By the end of the nineteenth century, the unilaterally adjusted monetary statutes of many nations around the world had created a set of conditions for the minting and circulation of two distinct metallic mediums of exchange: gold and silver. Countries that allowed the simultaneous circulation of gold and silver both as acceptable units of currencies in their economies were operating under a system that was known as “bimetallic standards.” At the time, with the exception of Britain and France, almost all of the European countries were operating on silver standards. In essence, Britain had differed from other countries that have previously adopted the silver standard mainly because the British economy had been using gold as the standard currency from the start of the century.
Similarly, France was also an exceptional case in this era since the French monetary laws were representative of bimetallic statutes. However, the privilege of allowing the simultaneous circulation of both gold and silver presented its own challenges.

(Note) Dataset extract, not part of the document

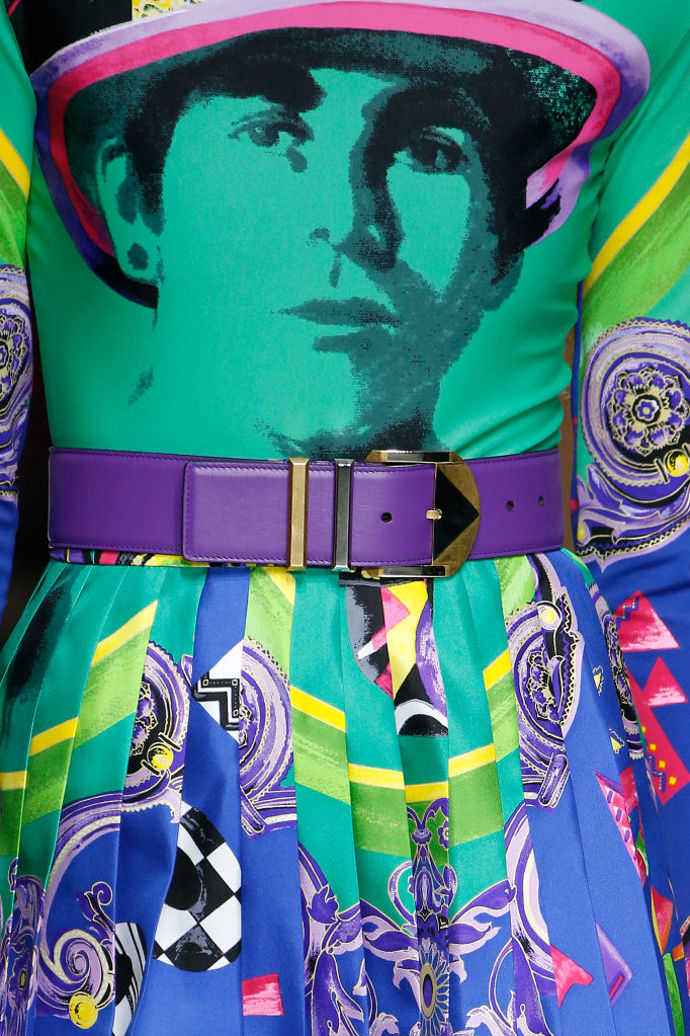 Retro z "devadesátek" jako vzpomínka na Gianniho Versace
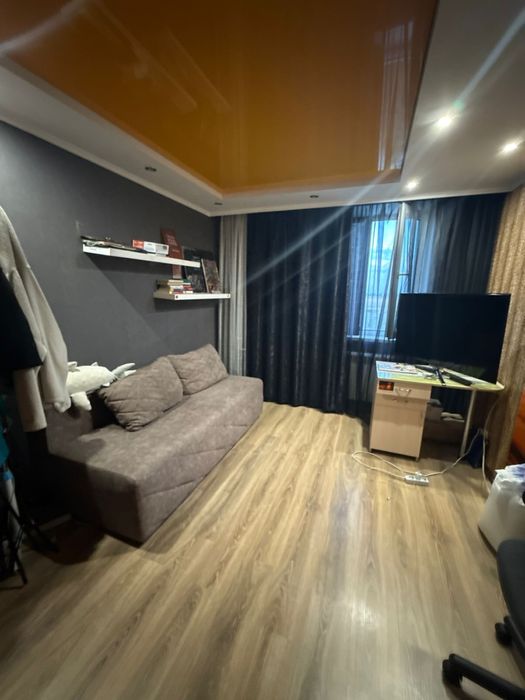 Продам квартиру в 4 мкр.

A significant historical example of this dilemma was during the last years of the nineteenth century when 14.5 ounces of silver were being traded roughly for an ounce of gold in the market place in France.
From time to time, whenever the price of gold in the world market rose more than that of silver’s, let us say up to a point where 15 ounces of silver were being traded in exchange for an ounce of gold, then such a market price of gold would create an incentive for arbitrage. Thus, the arbitrager would have a window of opportunity to be able to import at the previous quantity of “14.5” ounces of silver and have it coined at the mint price. Then initially, that silver coin would be traded in exchange for an ounce of gold and the gold (i.e. the extra half ounce of silver) that the arbitrager had earned in the domestic market would be exported at a cheaper rate and a be sold for 15 ounces of silver on foreign markets.
Ultimately, the arbitrager would continue to export gold and double his earnings insofar as the market ratio had stayed considerably above the mint ratio.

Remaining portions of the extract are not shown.